Input data
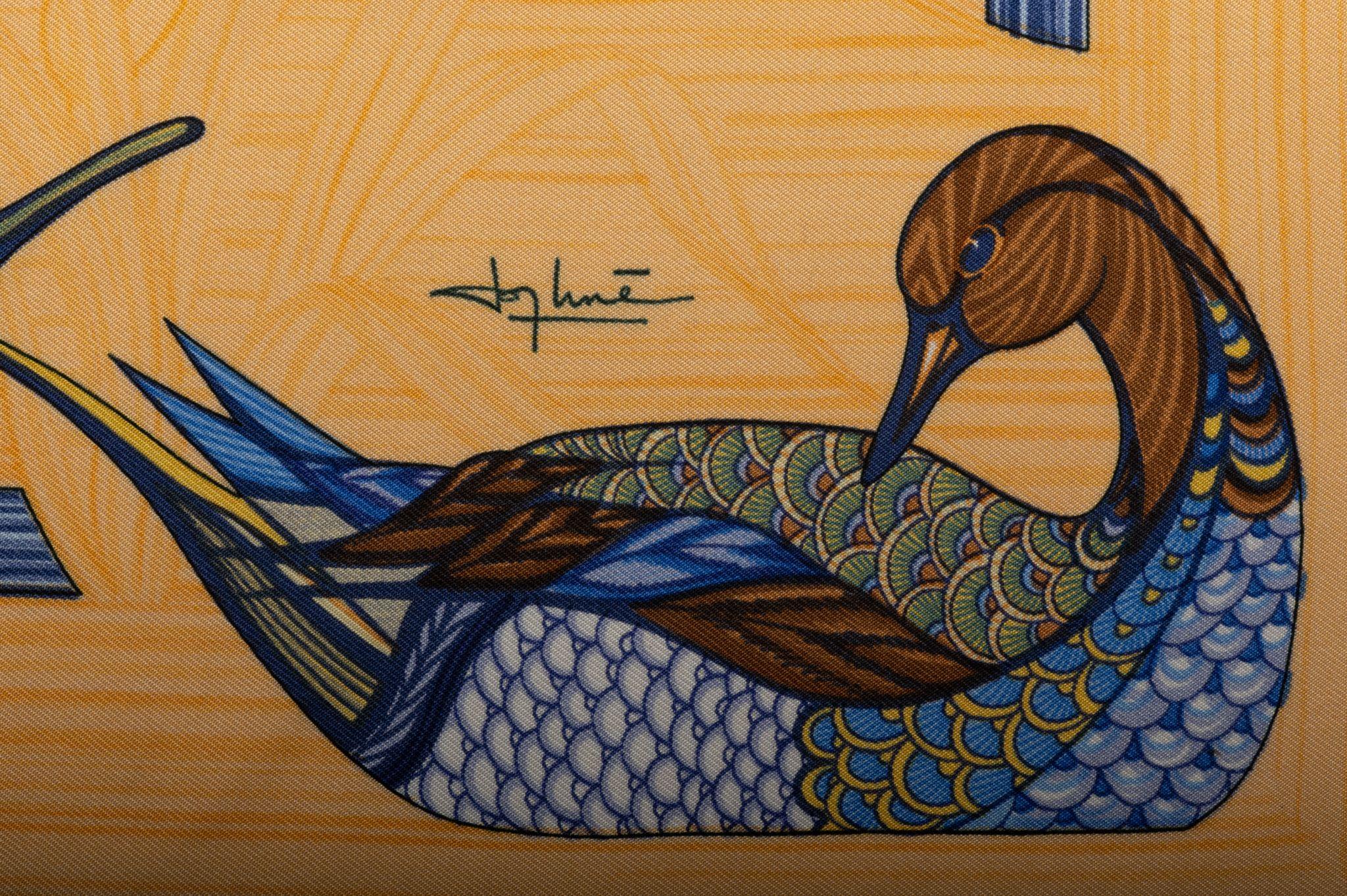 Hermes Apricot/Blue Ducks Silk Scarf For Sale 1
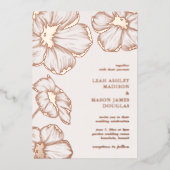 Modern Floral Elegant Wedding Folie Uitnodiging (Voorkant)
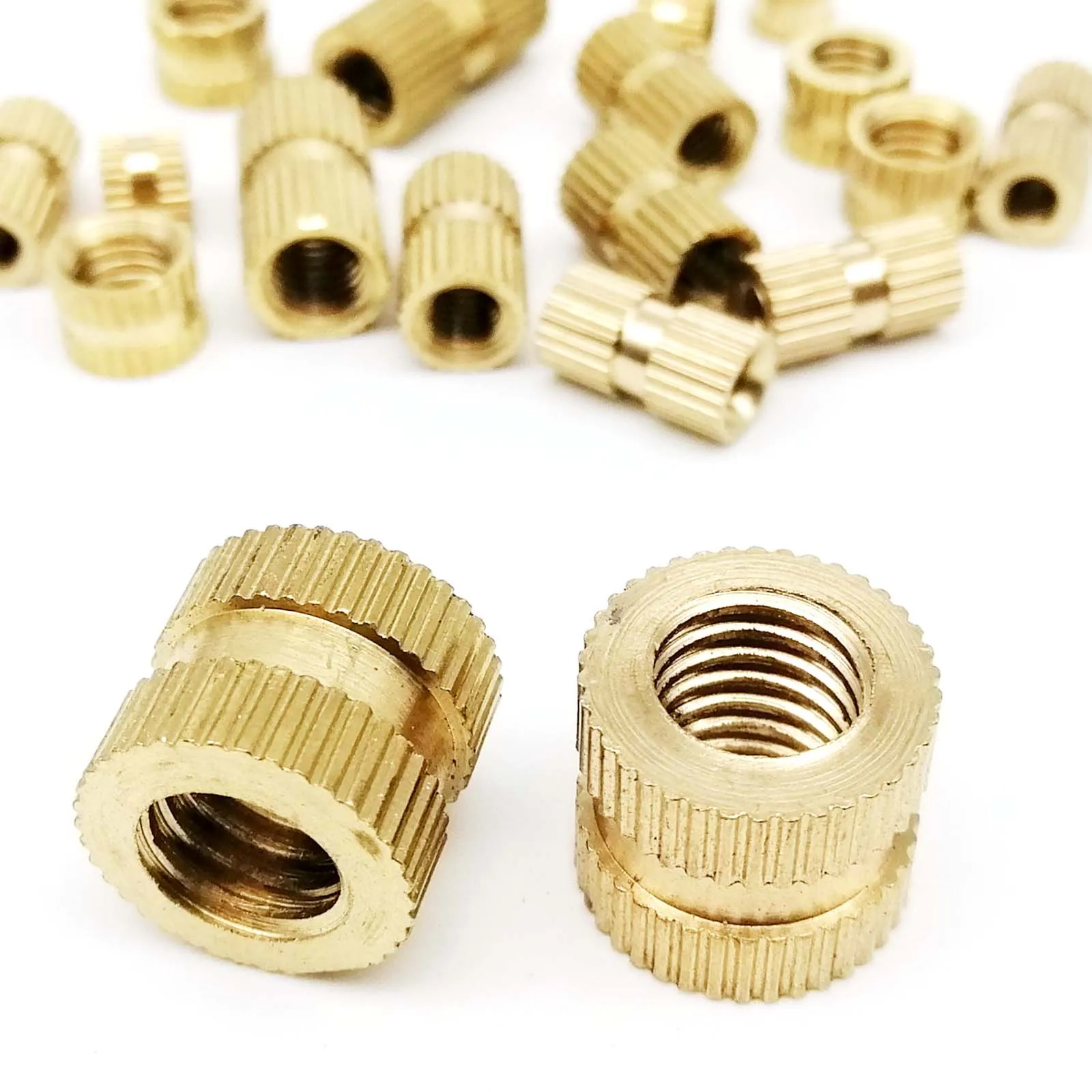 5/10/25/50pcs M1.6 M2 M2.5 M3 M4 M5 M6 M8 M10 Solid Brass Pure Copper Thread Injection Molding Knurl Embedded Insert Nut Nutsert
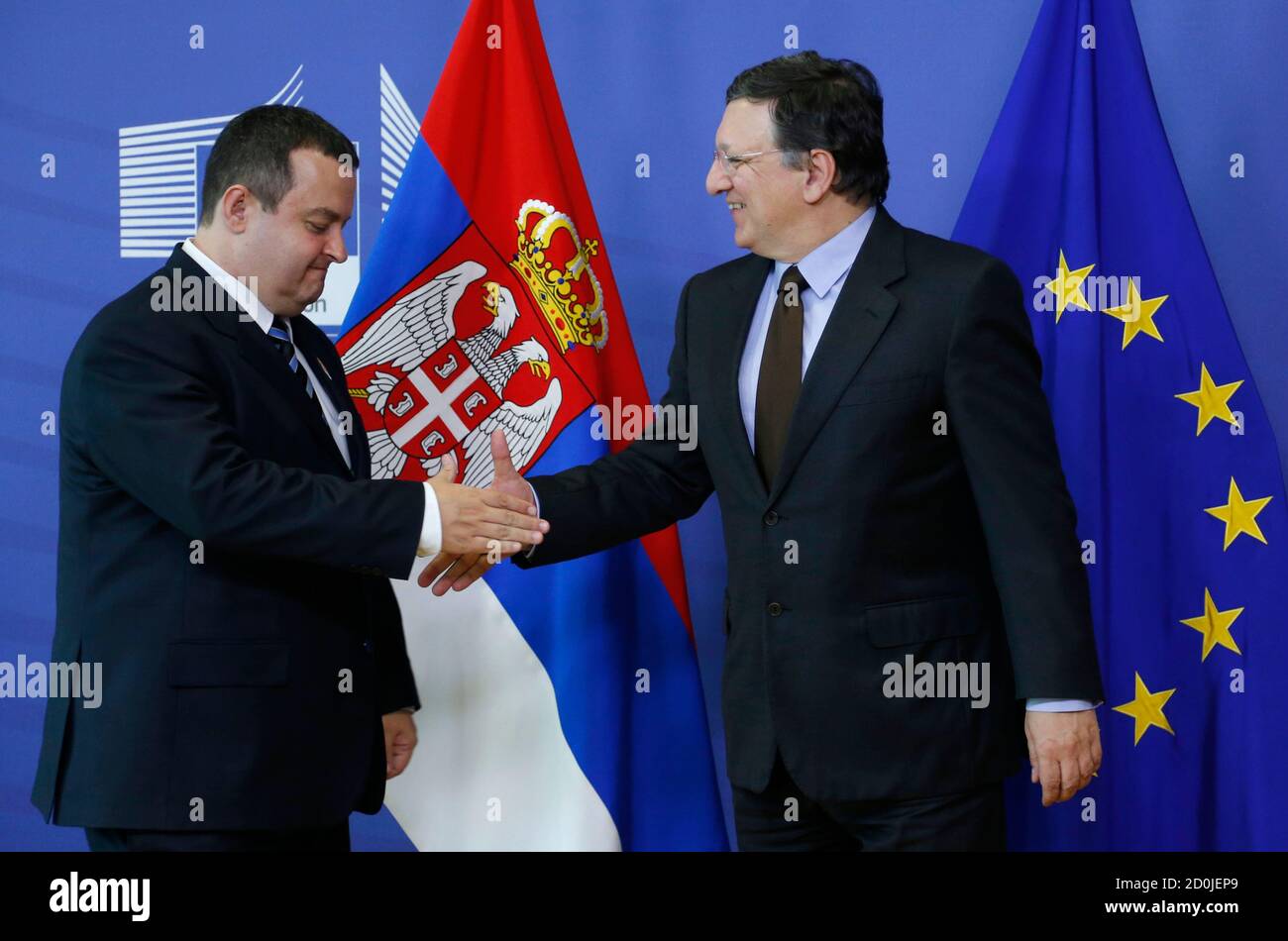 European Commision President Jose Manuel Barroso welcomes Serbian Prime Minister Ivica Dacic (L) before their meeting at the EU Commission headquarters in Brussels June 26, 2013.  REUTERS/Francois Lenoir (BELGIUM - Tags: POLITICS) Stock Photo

Exercise instructions
Copy out all the data exactly; skip the pictures.

Exercise response
 Hermes Apricot/Blue Ducks Silk Scarf For Sale 1
 Modern Floral Elegant Wedding Folie Uitnodiging (Voorkant)
 5/10/25/50pcs M1.6 M2 M2.5 M3 M4 M5 M6 M8 M10 Solid Brass Pure Copper Thread Injection Molding Knurl Embedded Insert Nut Nutsert
 European Commision President Jose Manuel Barroso welcomes Serbian Prime Minister Ivica Dacic (L) before their meeting at the EU Commission headquarters in Brussels June 26, 2013.  REUTERS/Francois Lenoir (BELGIUM - Tags: POLITICS) Stock Photo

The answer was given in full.